[[ Entries supplied open ]]
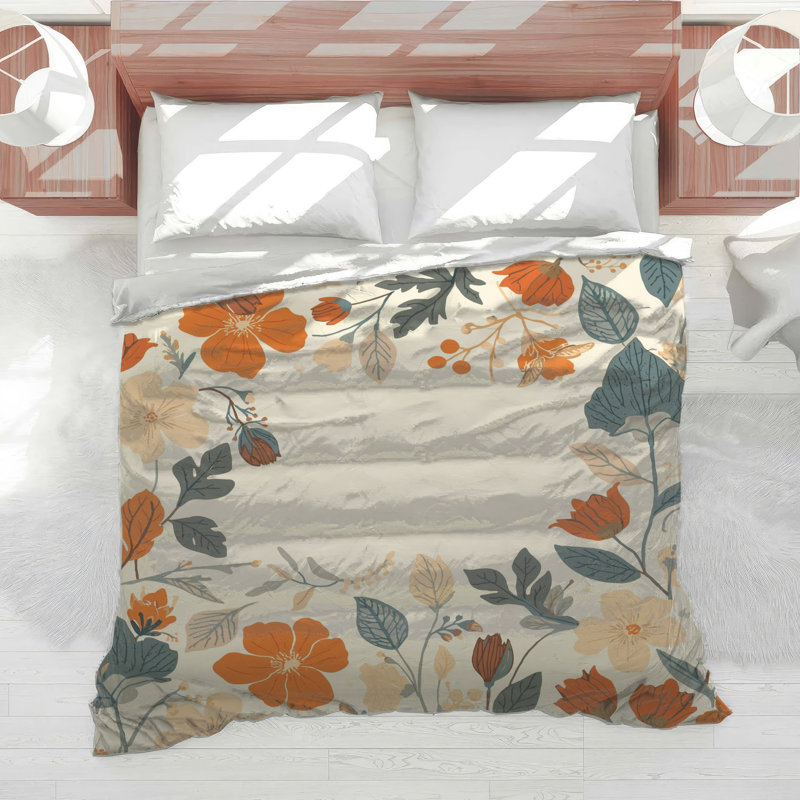 Édredon à bordure florale orange et beige, Grand lit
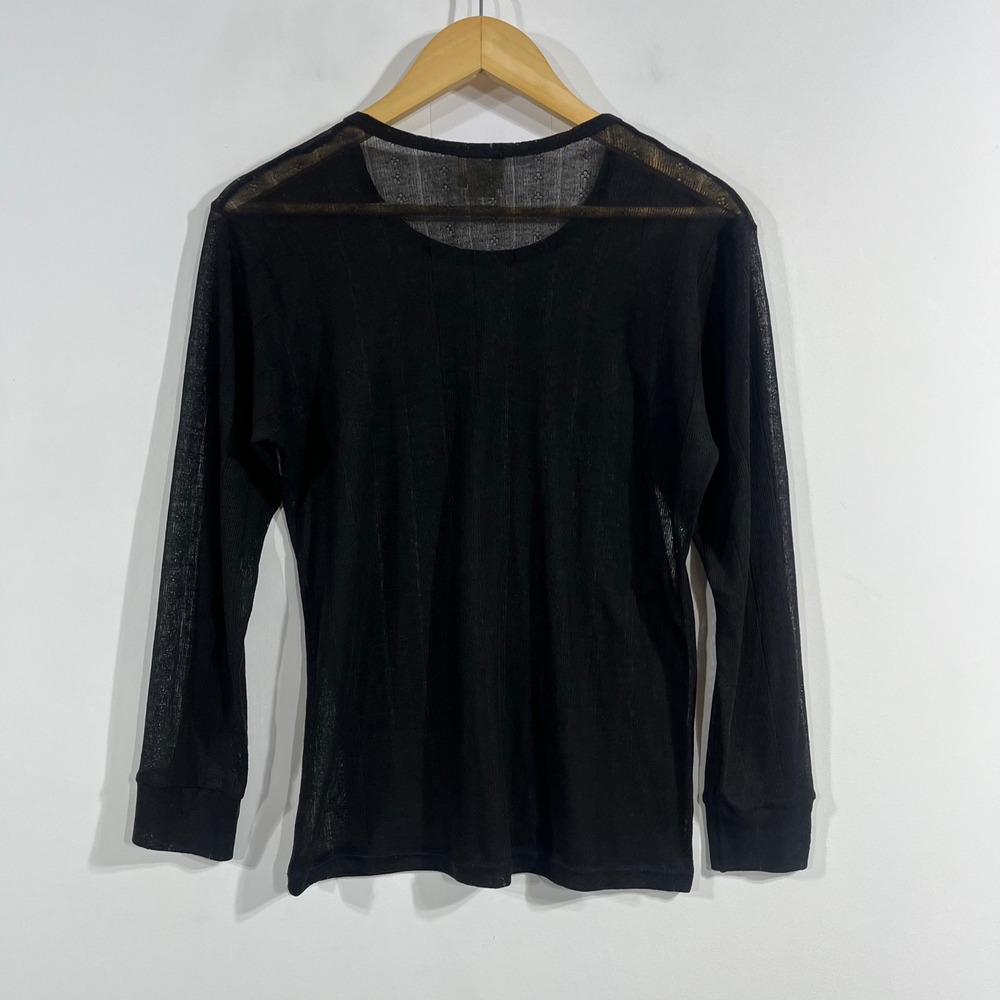 Vintage LL Bean Sheer Granola Indie Pointelle Knit Preppy Boho Top Womens Medium - Picture 3 of 9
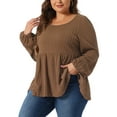 thumbnail image 2 of DARING DIVA Women's Plus Blouses Scoop Neck Ruffle Hem Peplum Knit Top 1X Brown, 2 of 6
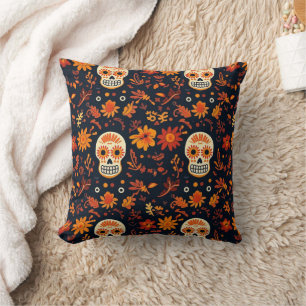 Tag der Toten   Día de Los Muertos Sugar Skull Kissen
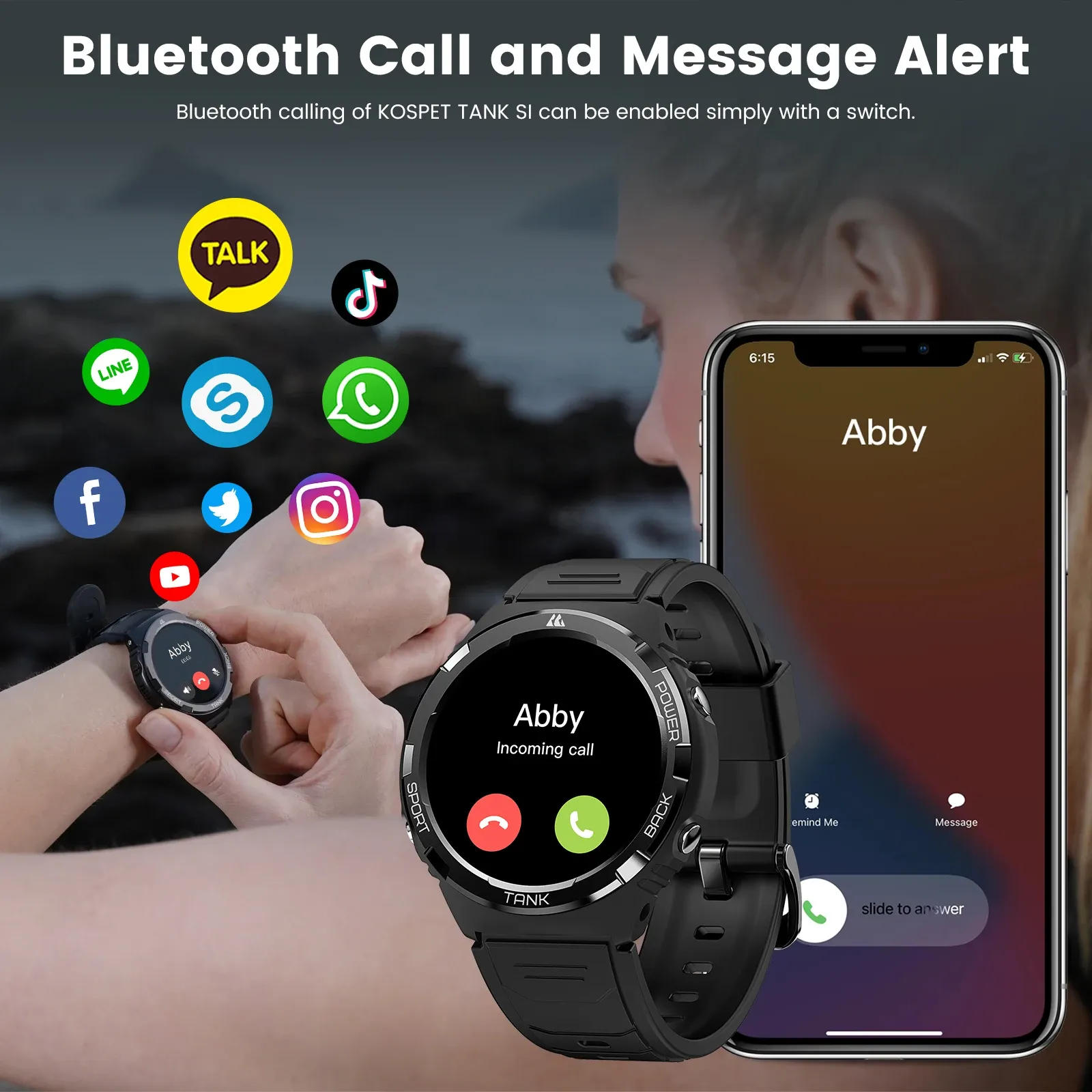 DHgate.com:Mens ROHS Smart Watch: AMAZTIM TANK S1 AMOLED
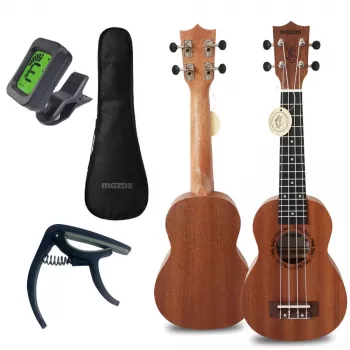 MOZOS GECKO szoprán ukulele szett – természetes fa, 12 bund, nylonszál, tartozék gigbag, hangoló, pengetők, heveder, tartalék húrok, tisztítókendő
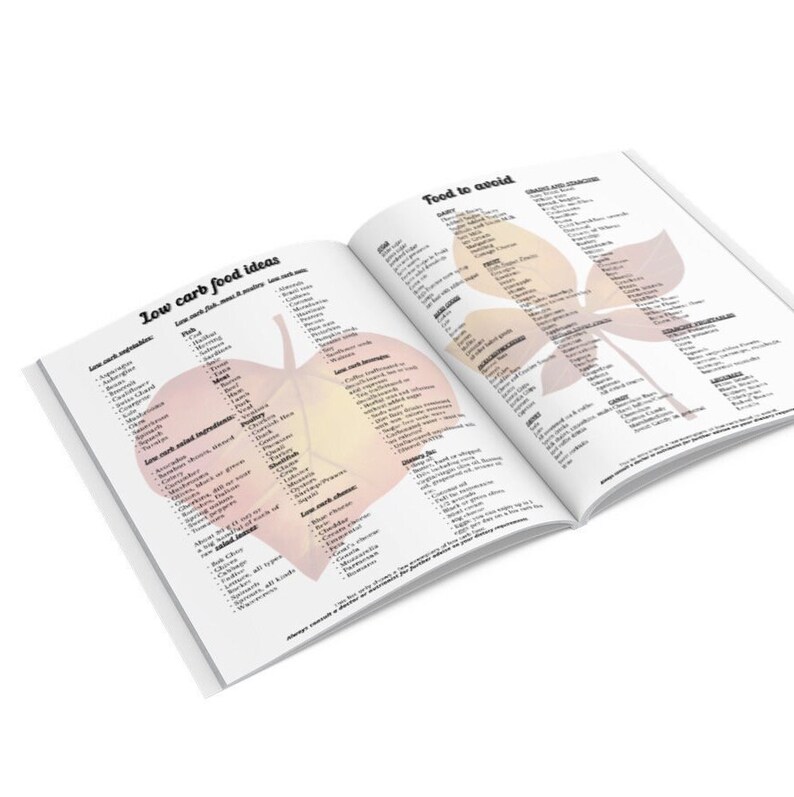 May include: An open book with a pink and orange leaf design on the cover. The book lists low carb food ideas and foods to avoid. The text includes a list of low carb vegetables, fruits, meats, and dairy products.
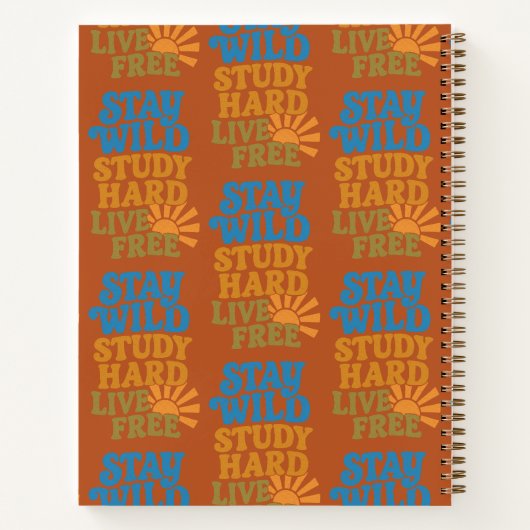 Retro jaren 1970 Blijf Wild, Studie Hard, Live Fre Notitieboek (Achterkant)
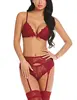 Red Top+underpants+Garter belts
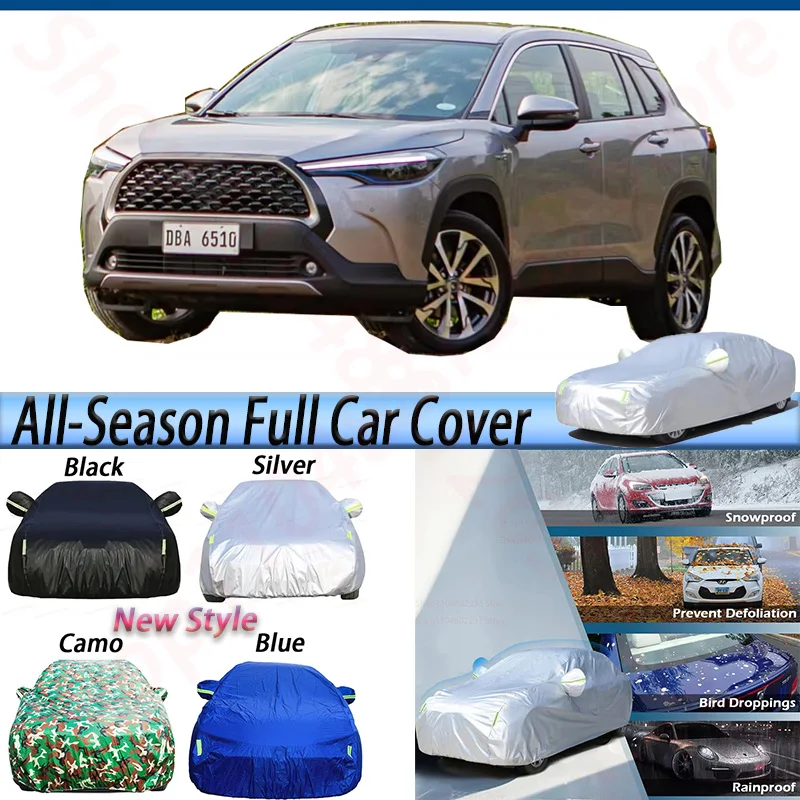 

Black Car Cover Waterproof Sun Anti-UV Snow Rain Dust Protection Cover Windproof For Toyota Corolla Cross 2020-2025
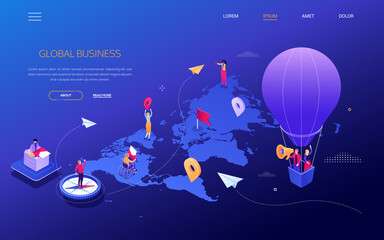Global business - modern colorful isometric web banner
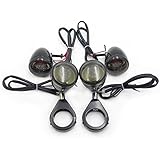 HTTMT MT224-013- Smoke Lens Motorcycle Turn Signals Kit Compatible with Harley Davidson Bullet LED 41mm Clamp Mount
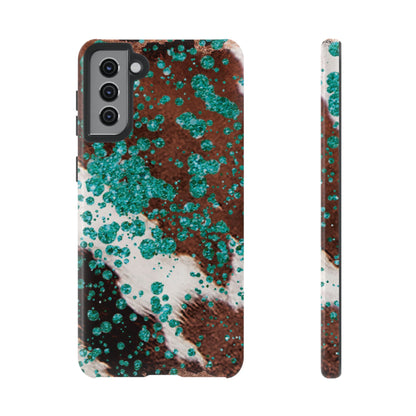 Teal Glitter Cowhide - Samsung Galaxy Series Case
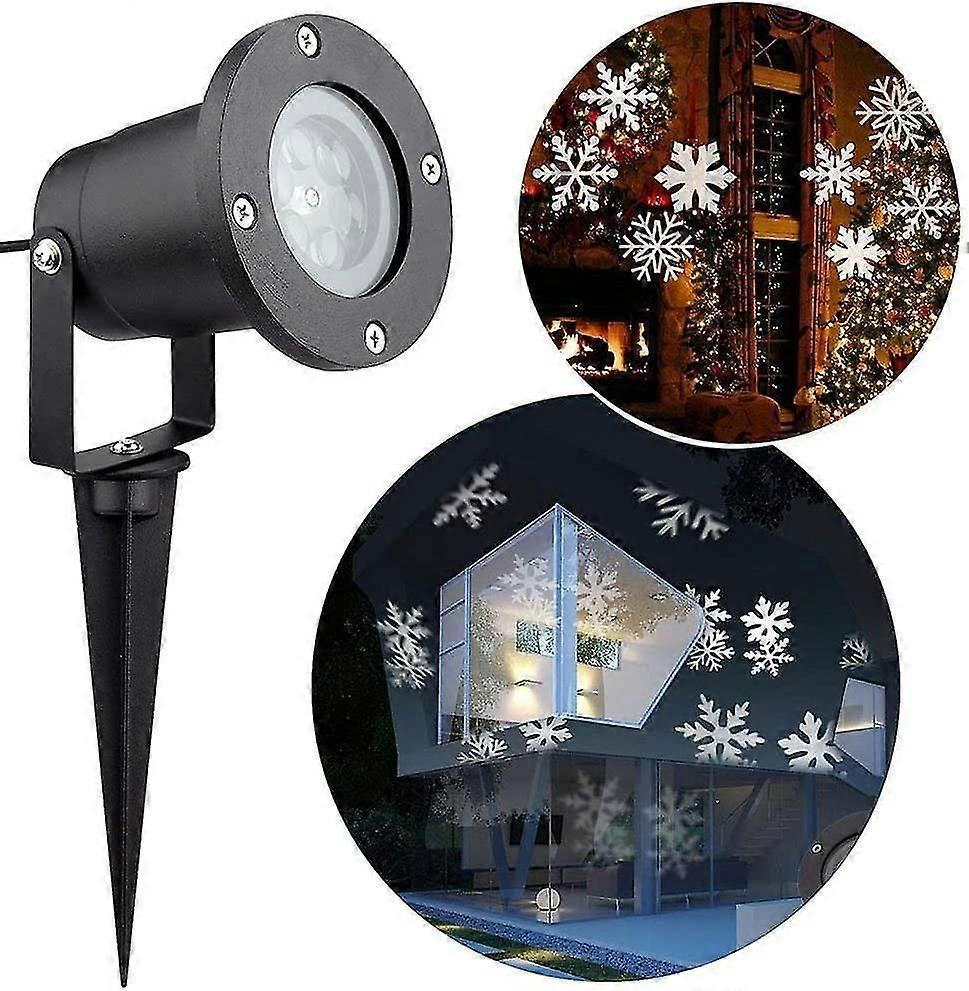 Christmas Projector Led White Snowflake Lamp Waterproof Light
[[ Entries supplied closed ]]
→ Exercise
Once the line holding "Teal Glitter Cowhide" is found, copy it and each later line exactly through the end of the data, leaving out the pictures.

→ Answer below
 Teal Glitter Cowhide - Samsung Galaxy Series Case
 Christmas Projector Led White Snowflake Lamp Waterproof Light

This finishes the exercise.